Task to carry out >> Each entry is to be retyped exactly as it stands.

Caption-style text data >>
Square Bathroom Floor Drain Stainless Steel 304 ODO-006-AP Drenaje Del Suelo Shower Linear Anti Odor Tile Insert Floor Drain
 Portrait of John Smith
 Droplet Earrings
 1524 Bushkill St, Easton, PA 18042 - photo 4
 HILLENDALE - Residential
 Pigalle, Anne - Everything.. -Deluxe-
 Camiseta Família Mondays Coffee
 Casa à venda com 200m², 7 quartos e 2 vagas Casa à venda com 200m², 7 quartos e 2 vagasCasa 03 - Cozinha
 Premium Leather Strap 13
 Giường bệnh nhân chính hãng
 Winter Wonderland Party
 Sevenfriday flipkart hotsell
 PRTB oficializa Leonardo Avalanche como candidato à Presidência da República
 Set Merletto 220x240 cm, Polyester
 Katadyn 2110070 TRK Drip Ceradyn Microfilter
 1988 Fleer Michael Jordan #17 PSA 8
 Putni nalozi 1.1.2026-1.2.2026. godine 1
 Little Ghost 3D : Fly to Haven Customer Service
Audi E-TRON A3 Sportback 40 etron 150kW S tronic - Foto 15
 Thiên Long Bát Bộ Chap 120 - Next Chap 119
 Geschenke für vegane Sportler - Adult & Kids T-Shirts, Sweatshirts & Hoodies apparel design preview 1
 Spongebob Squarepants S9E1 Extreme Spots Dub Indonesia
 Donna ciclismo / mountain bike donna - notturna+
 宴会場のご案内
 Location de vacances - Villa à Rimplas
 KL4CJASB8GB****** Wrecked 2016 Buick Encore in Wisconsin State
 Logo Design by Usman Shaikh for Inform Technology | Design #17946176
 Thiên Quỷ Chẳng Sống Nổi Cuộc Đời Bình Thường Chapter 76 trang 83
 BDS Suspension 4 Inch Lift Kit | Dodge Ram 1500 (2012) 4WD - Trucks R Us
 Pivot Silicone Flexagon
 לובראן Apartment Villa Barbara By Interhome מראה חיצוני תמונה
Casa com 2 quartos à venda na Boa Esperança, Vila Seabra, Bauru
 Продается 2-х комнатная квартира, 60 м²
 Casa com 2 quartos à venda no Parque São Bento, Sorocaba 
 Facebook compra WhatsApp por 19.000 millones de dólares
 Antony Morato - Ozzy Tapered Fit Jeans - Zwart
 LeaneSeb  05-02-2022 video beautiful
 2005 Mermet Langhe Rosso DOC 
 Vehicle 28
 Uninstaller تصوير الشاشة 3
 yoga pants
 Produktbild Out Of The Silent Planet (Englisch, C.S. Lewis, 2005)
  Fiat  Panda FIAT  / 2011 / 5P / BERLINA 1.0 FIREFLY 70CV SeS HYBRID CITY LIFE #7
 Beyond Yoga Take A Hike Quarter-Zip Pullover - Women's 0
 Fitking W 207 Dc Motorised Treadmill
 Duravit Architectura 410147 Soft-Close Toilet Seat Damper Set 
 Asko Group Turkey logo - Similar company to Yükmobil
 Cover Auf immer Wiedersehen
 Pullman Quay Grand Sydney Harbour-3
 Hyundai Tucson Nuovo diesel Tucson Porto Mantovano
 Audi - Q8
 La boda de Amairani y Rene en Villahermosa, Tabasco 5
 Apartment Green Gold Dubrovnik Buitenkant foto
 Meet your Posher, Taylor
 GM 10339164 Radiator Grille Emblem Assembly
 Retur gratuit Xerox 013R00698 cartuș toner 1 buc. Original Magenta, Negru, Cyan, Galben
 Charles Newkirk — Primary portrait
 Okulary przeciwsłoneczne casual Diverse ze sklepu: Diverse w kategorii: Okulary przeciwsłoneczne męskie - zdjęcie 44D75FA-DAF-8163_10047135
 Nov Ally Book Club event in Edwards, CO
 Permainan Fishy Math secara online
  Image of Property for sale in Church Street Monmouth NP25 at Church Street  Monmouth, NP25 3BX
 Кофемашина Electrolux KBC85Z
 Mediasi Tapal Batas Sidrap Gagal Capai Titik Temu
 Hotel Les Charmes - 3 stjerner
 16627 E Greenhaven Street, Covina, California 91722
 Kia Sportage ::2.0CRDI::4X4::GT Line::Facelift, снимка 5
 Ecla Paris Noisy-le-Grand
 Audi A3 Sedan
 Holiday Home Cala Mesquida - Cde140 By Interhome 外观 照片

Answer box >>
Square Bathroom Floor Drain Stainless Steel 304 ODO-006-AP Drenaje Del Suelo Shower Linear Anti Odor Tile Insert Floor Drain
 Portrait of John Smith
 Droplet Earrings
 1524 Bushkill St, Easton, PA 18042 - photo 4
 HILLENDALE - Residential
 Pigalle, Anne - Everything.. -Deluxe-
 Camiseta Família Mondays Coffee
 Casa à venda com 200m², 7 quartos e 2 vagas Casa à venda com 200m², 7 quartos e 2 vagasCasa 03 - Cozinha
 Premium Leather Strap 13
 Giường bệnh nhân chính hãng
 Winter Wonderland Party
 Sevenfriday flipkart hotsell
 PRTB oficializa Leonardo Avalanche como candidato à Presidência da República
 Set Merletto 220x240 cm, Polyester
 Katadyn 2110070 TRK Drip Ceradyn Microfilter
 1988 Fleer Michael Jordan #17 PSA 8
 Putni nalozi 1.1.2026-1.2.2026. godine 1
 Little Ghost 3D : Fly to Haven Customer Service
Audi E-TRON A3 Sportback 40 etron 150kW S tronic - Foto 15
 Thiên Long Bát Bộ Chap 120 - Next Chap 119
 Geschenke für vegane Sportler - Adult & Kids T-Shirts, Sweatshirts & Hoodies apparel design preview 1
 Spongebob Squarepants S9E1 Extreme Spots Dub Indonesia
 Donna ciclismo / mountain bike donna - notturna+
 宴会場のご案内
 Location de vacances - Villa à Rimplas
 KL4CJASB8GB****** Wrecked 2016 Buick Encore in Wisconsin State
 Logo Design by Usman Shaikh for Inform Technology | Design #17946176
 Thiên Quỷ Chẳng Sống Nổi Cuộc Đời Bình Thường Chapter 76 trang 83
 BDS Suspension 4 Inch Lift Kit | Dodge Ram 1500 (2012) 4WD - Trucks R Us
 Pivot Silicone Flexagon
 לובראן Apartment Villa Barbara By Interhome מראה חיצוני תמונה
Casa com 2 quartos à venda na Boa Esperança, Vila Seabra, Bauru
 Продается 2-х комнатная квартира, 60 м²
 Casa com 2 quartos à venda no Parque São Bento, Sorocaba 
 Facebook compra WhatsApp por 19.000 millones de dólares
 Antony Morato - Ozzy Tapered Fit Jeans - Zwart
 LeaneSeb  05-02-2022 video beautiful
 2005 Mermet Langhe Rosso DOC 
 Vehicle 28
 Uninstaller تصوير الشاشة 3
 yoga pants
 Produktbild Out Of The Silent Planet (Englisch, C.S. Lewis, 2005)
  Fiat  Panda FIAT  / 2011 / 5P / BERLINA 1.0 FIREFLY 70CV SeS HYBRID CITY LIFE #7
 Beyond Yoga Take A Hike Quarter-Zip Pullover - Women's 0
 Fitking W 207 Dc Motorised Treadmill
 Duravit Architectura 410147 Soft-Close Toilet Seat Damper Set 
 Asko Group Turkey logo - Similar company to Yükmobil
 Cover Auf immer Wiedersehen
 Pullman Quay Grand Sydney Harbour-3
 Hyundai Tucson Nuovo diesel Tucson Porto Mantovano
 Audi - Q8
 La boda de Amairani y Rene en Villahermosa, Tabasco 5
 Apartment Green Gold Dubrovnik Buitenkant foto
 Meet your Posher, Taylor
 GM 10339164 Radiator Grille Emblem Assembly
 Retur gratuit Xerox 013R00698 cartuș toner 1 buc. Original Magenta, Negru, Cyan, Galben
 Charles Newkirk — Primary portrait
 Okulary przeciwsłoneczne casual Diverse ze sklepu: Diverse w kategorii: Okulary przeciwsłoneczne męskie - zdjęcie 44D75FA-DAF-8163_10047135
 Nov Ally Book Club event in Edwards, CO
 Permainan Fishy Math secara online
  Image of Property for sale in Church Street Monmouth NP25 at Church Street  Monmouth, NP25 3BX
 Кофемашина Electrolux KBC85Z
 Mediasi Tapal Batas Sidrap Gagal Capai Titik Temu
 Hotel Les Charmes - 3 stjerner
 16627 E Greenhaven Street, Covina, California 91722
 Kia Sportage ::2.0CRDI::4X4::GT Line::Facelift, снимка 5
 Ecla Paris Noisy-le-Grand
 Audi A3 Sedan
 Holiday Home Cala Mesquida - Cde140 By Interhome 外观 照片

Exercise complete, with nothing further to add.